Abstract
Aim
Non-communicable diseases (NCDs) are associated with modifiable health risk factors. There is a lack of evidence regarding clusters of health-related behaviours among school-going adolescents from sub-Saharan Africa. This study was conducted to identify clustering patterns of health risk factors (i.e. smoking tobacco, inadequate fruit intake, inadequate vegetable intake, physical inactivity, sedentary behaviour, anxiety and depression) and association with sociodemographic factors among school-going adolescents in Liberia.
Subject and methods
The 2017 Liberian Global School-based Student Health Survey on 2774 adolescents aged 11 years and above (52.5% females) sampled with a two-stage cluster sample design was used.
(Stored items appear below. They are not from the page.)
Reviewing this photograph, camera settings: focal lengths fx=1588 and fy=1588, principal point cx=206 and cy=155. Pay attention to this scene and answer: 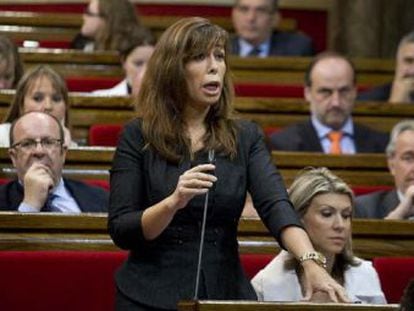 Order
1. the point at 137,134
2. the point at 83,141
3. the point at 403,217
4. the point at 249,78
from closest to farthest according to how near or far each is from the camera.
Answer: the point at 137,134
the point at 403,217
the point at 83,141
the point at 249,78

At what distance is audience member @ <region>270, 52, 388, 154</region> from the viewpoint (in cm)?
479

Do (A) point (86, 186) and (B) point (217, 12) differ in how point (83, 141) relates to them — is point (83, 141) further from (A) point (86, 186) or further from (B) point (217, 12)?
(B) point (217, 12)

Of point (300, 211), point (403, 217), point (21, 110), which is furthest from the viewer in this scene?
point (21, 110)

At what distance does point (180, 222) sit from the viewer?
274cm

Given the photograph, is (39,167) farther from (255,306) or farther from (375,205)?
(255,306)

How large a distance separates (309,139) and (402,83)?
0.63 m

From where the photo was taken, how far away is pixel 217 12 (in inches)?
280

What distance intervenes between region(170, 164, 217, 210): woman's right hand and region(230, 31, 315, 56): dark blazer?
11.3 feet

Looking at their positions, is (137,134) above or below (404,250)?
above

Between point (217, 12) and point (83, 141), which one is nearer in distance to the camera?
point (83, 141)

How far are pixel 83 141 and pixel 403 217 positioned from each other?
1191 millimetres

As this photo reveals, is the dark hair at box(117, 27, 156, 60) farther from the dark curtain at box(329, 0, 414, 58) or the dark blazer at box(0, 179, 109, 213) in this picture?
the dark blazer at box(0, 179, 109, 213)

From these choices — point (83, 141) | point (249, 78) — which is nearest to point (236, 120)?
point (83, 141)

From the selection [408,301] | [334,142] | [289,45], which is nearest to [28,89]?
[334,142]
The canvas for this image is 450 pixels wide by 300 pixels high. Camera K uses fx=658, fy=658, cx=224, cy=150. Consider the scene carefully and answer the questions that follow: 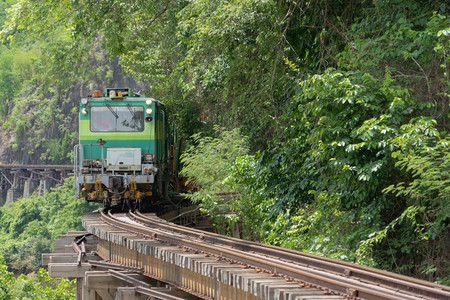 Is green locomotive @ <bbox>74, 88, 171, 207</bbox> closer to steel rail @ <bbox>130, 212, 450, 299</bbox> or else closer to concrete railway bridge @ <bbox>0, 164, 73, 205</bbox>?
steel rail @ <bbox>130, 212, 450, 299</bbox>

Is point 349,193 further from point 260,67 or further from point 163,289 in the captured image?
point 260,67

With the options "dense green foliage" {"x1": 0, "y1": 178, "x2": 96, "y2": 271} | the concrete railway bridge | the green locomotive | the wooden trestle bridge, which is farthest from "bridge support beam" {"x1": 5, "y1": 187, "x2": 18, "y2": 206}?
the wooden trestle bridge

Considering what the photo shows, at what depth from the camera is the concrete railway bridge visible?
60.2 metres

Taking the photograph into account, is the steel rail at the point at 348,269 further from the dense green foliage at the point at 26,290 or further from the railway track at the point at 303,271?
the dense green foliage at the point at 26,290

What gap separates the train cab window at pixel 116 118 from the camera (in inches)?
591

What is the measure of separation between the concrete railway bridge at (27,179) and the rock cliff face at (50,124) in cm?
575

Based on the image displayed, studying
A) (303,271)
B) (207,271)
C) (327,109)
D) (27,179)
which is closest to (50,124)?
(27,179)

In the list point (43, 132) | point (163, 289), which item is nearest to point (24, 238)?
point (43, 132)

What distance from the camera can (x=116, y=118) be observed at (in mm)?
15031

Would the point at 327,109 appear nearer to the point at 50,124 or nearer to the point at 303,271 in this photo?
the point at 303,271

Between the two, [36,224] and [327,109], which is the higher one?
[327,109]

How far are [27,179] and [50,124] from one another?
10.9m

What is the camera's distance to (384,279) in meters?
5.75

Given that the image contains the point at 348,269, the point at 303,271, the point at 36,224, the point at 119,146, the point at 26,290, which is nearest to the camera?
the point at 303,271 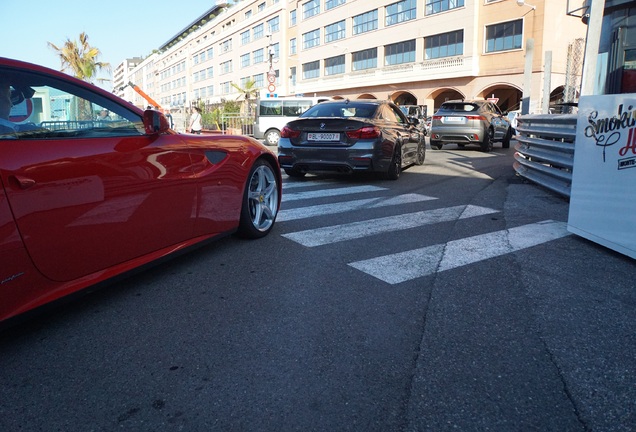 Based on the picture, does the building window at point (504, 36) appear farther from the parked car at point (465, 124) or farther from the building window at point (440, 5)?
the parked car at point (465, 124)

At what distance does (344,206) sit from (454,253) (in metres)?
2.45

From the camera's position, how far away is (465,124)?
15.7 m

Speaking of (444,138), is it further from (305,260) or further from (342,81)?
(342,81)

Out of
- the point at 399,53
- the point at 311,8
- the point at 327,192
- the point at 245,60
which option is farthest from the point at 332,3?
the point at 327,192

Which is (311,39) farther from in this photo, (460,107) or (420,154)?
(420,154)

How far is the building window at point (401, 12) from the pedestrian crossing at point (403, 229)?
37.3 metres

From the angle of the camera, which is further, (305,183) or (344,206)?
(305,183)

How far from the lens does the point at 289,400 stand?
220 centimetres

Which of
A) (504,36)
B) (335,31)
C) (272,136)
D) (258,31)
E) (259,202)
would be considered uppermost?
(258,31)

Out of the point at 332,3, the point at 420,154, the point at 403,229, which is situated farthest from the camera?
the point at 332,3

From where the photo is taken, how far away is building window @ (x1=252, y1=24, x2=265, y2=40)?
206ft

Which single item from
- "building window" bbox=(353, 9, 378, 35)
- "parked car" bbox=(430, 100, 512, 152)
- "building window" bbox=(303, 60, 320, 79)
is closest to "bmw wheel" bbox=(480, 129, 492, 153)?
"parked car" bbox=(430, 100, 512, 152)

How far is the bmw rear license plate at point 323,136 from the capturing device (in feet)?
27.3

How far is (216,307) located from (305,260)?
3.78 feet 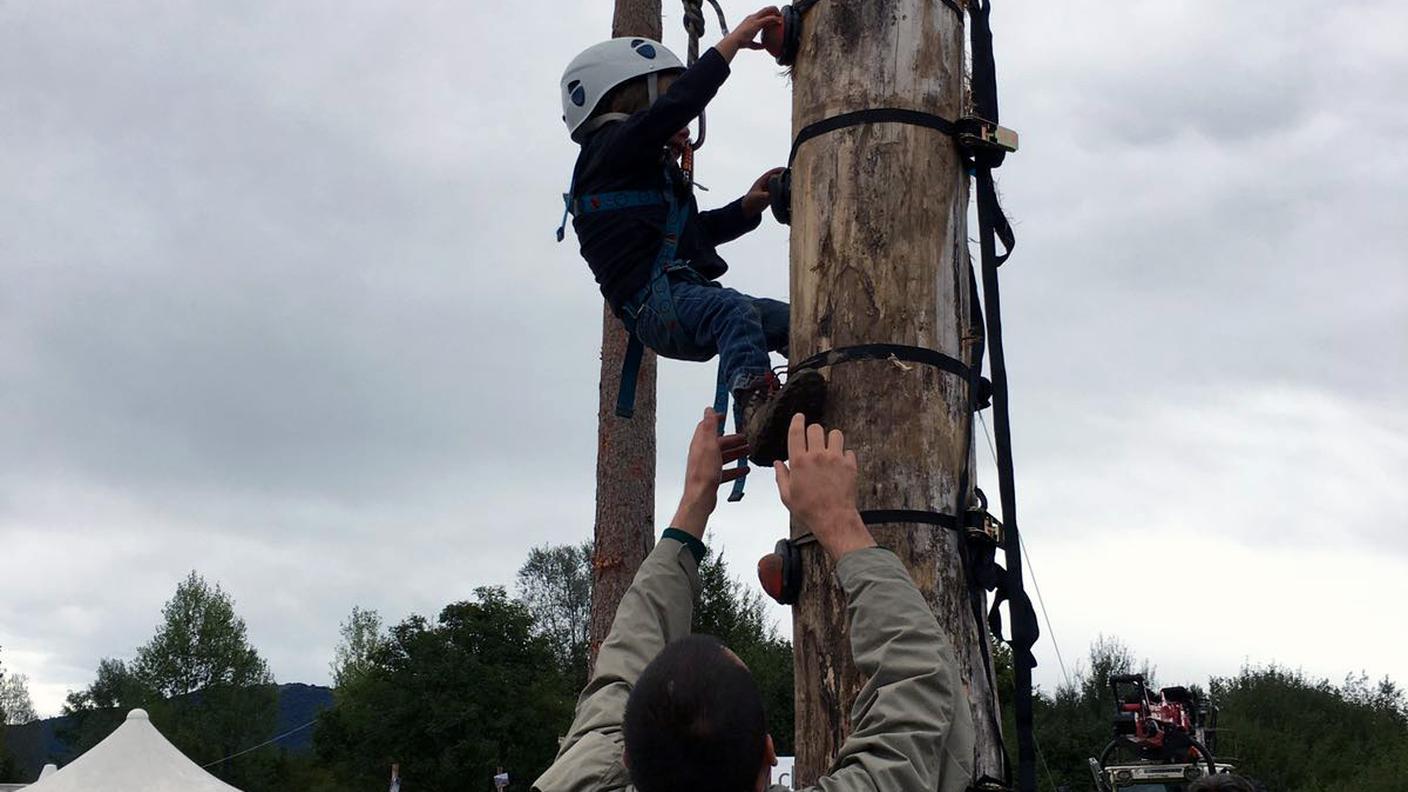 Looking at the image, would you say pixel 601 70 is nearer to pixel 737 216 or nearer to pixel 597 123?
pixel 597 123

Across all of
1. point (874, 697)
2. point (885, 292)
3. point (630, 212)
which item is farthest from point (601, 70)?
point (874, 697)

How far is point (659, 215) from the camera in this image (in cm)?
428

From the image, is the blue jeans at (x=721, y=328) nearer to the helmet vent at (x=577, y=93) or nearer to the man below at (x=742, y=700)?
the helmet vent at (x=577, y=93)

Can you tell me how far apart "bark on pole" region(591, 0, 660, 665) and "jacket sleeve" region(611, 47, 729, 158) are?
19.5 feet

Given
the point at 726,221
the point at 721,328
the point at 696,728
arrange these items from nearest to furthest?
the point at 696,728
the point at 721,328
the point at 726,221

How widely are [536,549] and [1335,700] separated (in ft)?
136

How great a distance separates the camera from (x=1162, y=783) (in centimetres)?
1054

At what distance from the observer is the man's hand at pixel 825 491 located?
7.80 feet

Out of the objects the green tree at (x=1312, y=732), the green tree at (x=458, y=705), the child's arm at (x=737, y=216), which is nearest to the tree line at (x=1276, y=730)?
the green tree at (x=1312, y=732)

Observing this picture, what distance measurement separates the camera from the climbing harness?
2.89 meters

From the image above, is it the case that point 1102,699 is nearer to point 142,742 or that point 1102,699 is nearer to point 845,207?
point 142,742

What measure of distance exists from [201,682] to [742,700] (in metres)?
58.5

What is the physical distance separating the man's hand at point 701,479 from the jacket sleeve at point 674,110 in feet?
4.37

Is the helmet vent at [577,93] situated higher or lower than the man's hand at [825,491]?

Latent class analysis was used to generate the clusters and latent class regression assessed the associations between sociodemographic factors and the clusters.
Results
We identified three clusters labelled as (1) ‘low substance use, moderately active cluster’ (34.8%); (2) ‘inadequate fruit and vegetable cluster’ (48.9%) and (3) ‘risk taking cluster’ (16.3%)’. Compared to cluster 1, adolescent boys [AOR = 1.71, 1.29–2.27, p < 0.001], and those in grade 10–12 [AOR = 1.51, 1.13–2.02, p < 0.001] were more likely to belong to cluster 2. Participants aged 15 years and above [AOR = 0.60, 0.39–0.91, p = 0.018] were less likely to belong to cluster 2. Compared to cluster 1, adolescents aged 15 years and above [AOR = 3.58, 1.33–9.62, p = 0.011] and those with low socio-economic status [AOR = 1.83, 1.22–2.73, p = 0.003] were more likely to belong to cluster 3.
Conclusion
These results underscore the need for interventions that address adolescent multiple health risk factors, especially considering sociodemographic differences.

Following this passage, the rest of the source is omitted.